Ignatius Baffour-Awuah urged the National Tripartite Committee to dialogue with employers on fixed-term contracts of workers to ensure sustainable jobs and compliance with the International Labour Organization’s standards.
The Minister said many fixed-term contract workers were paid between GHC 400 and GHC 700 per month with employment duration between two weeks and two years, and thus described the conditions of service and salaries as woefully inadequate and called for urgent steps to review it.
Mr Baffour-Awuah made the recommendation when he undertook a tour of some selected industries in the Western Region.
The tour formed part of efforts to ensure that corporate institutions comply with the Labour Act 2003 (Acts 651).
The Minister was accompanied by officials of the Ministry: the Chief Labour Officer, the Western Regional Labour Officer, Tripartite Coordinator, the Industrial Relations Officer and other labour officers and social partners.
The companies visited were Anglo Gold Ashanti, Tarkwa; Goldfields Ghana Limited, Tarkwa; Ghana Manganese Company, Nsuta; Wangkang Ceramics Company Limited, Takoradi International Company Limited, Ghana Rubber Estates Limited, all in Takoradi.
The team also visited Samartex Timber and Plywood Company Limited and the Ghana Bauxite Company at Samreboi and Awaso respectively.
The visit was also to familiarise and acquaint himself with the labour practices at the enterprise level by Human Resource Managers on the field and to interact with Management of industries, Labour Unions and workers.
It was also to promote social dialogue, rights of workers, social partnership, employers and organised labour for harmonious labour relations in the country.
Among some major issues raised during the visit was the condition of workers, in terms of their health and safety, types of contract, pension-related matters, remuneration and gender mainstreaming.
Mr Baffour Awuah was impressed with the health and safety measures practised by many of the companies visited, adding that safety precautions should be an integral component of operations for workers and visitors.

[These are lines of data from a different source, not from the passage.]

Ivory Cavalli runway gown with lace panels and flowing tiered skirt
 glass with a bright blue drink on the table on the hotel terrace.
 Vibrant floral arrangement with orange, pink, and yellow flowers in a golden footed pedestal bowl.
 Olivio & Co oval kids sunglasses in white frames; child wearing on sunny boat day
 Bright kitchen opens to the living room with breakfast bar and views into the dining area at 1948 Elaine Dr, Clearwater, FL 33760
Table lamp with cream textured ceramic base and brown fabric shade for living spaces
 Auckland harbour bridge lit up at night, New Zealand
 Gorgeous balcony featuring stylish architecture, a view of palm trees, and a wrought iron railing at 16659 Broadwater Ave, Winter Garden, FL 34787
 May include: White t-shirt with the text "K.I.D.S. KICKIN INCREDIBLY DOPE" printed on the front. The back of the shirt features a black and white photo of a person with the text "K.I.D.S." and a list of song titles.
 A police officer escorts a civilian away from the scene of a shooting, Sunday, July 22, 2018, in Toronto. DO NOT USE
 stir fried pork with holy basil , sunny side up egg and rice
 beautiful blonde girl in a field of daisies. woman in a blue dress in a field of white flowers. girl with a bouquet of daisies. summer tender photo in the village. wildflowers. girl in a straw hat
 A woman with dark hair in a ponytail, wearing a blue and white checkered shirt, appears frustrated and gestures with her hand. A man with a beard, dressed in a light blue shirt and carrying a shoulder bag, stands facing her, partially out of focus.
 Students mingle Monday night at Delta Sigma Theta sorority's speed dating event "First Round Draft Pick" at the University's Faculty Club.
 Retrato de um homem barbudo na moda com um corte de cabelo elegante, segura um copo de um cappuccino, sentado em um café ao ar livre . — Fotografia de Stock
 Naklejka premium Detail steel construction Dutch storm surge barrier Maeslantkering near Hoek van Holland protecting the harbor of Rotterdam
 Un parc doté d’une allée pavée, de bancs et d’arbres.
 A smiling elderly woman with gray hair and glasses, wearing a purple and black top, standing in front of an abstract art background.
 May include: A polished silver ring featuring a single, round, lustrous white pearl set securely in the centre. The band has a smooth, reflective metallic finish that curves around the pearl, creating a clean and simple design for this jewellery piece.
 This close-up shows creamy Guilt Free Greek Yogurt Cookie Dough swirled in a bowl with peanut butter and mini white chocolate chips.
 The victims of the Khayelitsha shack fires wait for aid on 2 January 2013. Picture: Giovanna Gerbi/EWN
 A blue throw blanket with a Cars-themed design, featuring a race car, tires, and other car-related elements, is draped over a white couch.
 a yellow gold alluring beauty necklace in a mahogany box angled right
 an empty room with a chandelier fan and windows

Some managements of the companies visited said they took workers through health and safety procedures on regular basis.
The Minister said the prevalence of fixed-term contract has made it impossible for many workers in some start-up companies such as Wangkang Ceramics Company, KEDA (Twyford) Ceramics Company, as well as some existing companies like Ghana Rubber Estates Limited and Ghana Bauxite Company to be unionized.
The Minister said it was the right of every worker to form unions and access information through improved social dialogue and engagement of the workplace.
“My responsibility as the Employment Minister is to protect the right of every worker so I will not sit down and watch if workers are not allowed to unionize,” Mr Baffour-Awuah said.
The Minister commended some managements of the companies visited for paying workers above the National Daily Minimum Wage and other benefits like free accommodation, overtime payment and health insurance.
On the issues of Gender Mainstreaming, Mr Baffour Awuah noted that most top management of companies were male-dominated and, therefore, advised them to improve upon the recruitment and selective method to ensure females are given opportunities and support in male-dominated areas.
The Minister described the visit as an eye-opening experience for him and his Ministry and admonished employers to operate within the expectations of the labour laws of Ghana, especially the Labour Acts, 2003 (Act 651).